Les Trifluviens d’aujourd’hui ne savent probablement pas que cet édifice de la rue Royale, derrière la cathédrale, qui porte gravé sur le haut de sa façade le sigle intriguant « C.O.C. t.-r. 1913 » fut déjà nommé la « Maison de l’ouvrier » et a été le berceau du premier syndicat catholique à Trois-Rivières, ancêtre de la CSN.

photo chronique historique

Source: Archives du Séminaire de T.-R.

Son histoire nous reporte à une autre époque. L’Église se comporte comme un État dans l’État. Aucun domaine d’activité ne lui échappe, pas plus bien sûr que la direction des associations de travailleurs.

Dans ce domaine, jusqu’au début du 20e siècle, l’Église se limite à condamner les syndicats parce qu’ils font craindre le socialisme et le renversement de l’ordre social. Mais confrontée à la montée en force du capitalisme industriel qui disloque le système de production artisanale et prolétarise les travailleurs, elle doit adopter une attitude plus positive. Le Vatican propose la création de corporations de métiers qui uniraient patrons et ouvriers dans une même association pour favoriser plus de compréhension et de justice dans les relations de travail.

Ces directives de Rome arrivent au Québec dans le climat social tendu du début du 20e siècle. Dans la seule année 1903, Montréal subit 23 grèves qui paralysent la production. En Mauricie, l’industrialisation rapide fait craindre au clergé les mêmes effets. Le syndicalisme international, religieusement neutre, s’implante chez Tebbutt Shoe et dans les usines naissantes de la Wayagamac et de la Wabasso. C’est alors que Mgr Cloutier décide d’engager la lutte et fonde la Corporation ouvrière catholique de Trois-Rivières, en 1913.

Un mois après sa fondation, la corporation rassemble déjà 400 ouvriers et une cinquantaine de patrons, mais ceux-ci se désistent graduellement de sorte qu’il n’y aura jamais de véritable corporation. En fait le patronat, sauf exception, et contrairement au souhait de l’épiscopat, se montre hostile au syndicalisme qu’il soit catholique ou non.

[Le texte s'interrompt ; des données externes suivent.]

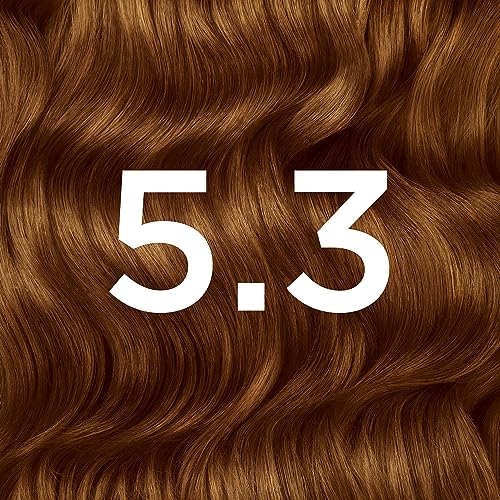 Olia 5.3 Golden Brown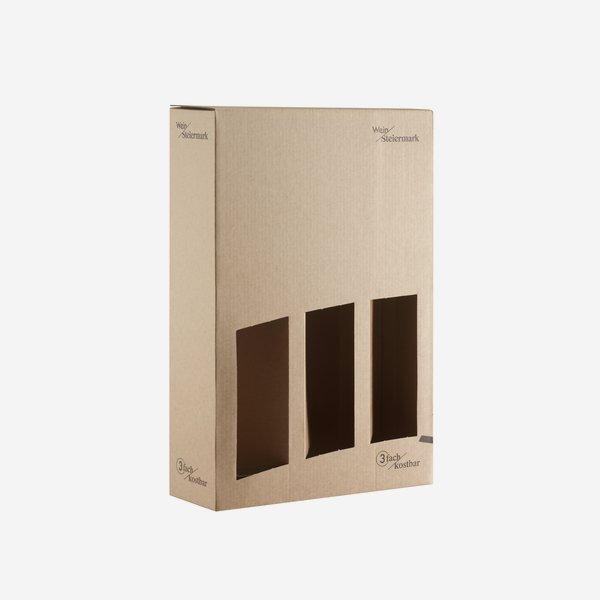 Gift box "Steirischer Wein" 3 bottles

Pour renforcer l’identité de la COC, l’évêque lui donne un symbole fort en cédant un terrain derrière la cathédrale pour construire la « Maison de l’ouvrier ». L’édifice abrite un bureau de placement et des locaux pour les syndicats affiliés. On y donne aussi des formations dans divers métiers. Mais après quelques années d’enthousiasme, la COC n’attire plus et réussit difficilement à maintenir ses effectifs face à la concurrence du syndicalisme international qui, lui, ne se prive pas d’utiliser la grève. Peu efficace, la COC décline et ne compte que 500 membres lors de son affiliation à la Confédération des travailleurs catholiques du Canada (CTCC) en 1923.

La création de la CTCC, en 1921, résulte du constat que pour rivaliser avec le gigantisme des entreprises industrielles, les organisations ouvrières doivent se fédérer et compter sur la solidarité internationale des travailleurs. À sa fondation, la CTCC regroupe plus de 100 syndicats catholiques représentant alors le quart des effectifs syndicaux du Québec.

Dès ses premières années d’existence, la CTCC reconnaît que la bonne entente proposée par la doctrine sociale de l’Église ne sert que la défense de l’ordre établi. Elle radicalise ses positions et recourt à la grève pour établir un rapport de force. Cette transgression de la doctrine catholique annonce la perte graduelle d’influence de l’Église au sein de l’organisation syndicale et la déconfessionnalisation de 1960 dans le cadre de la formation de la Confédération des syndicats nationaux (CSN).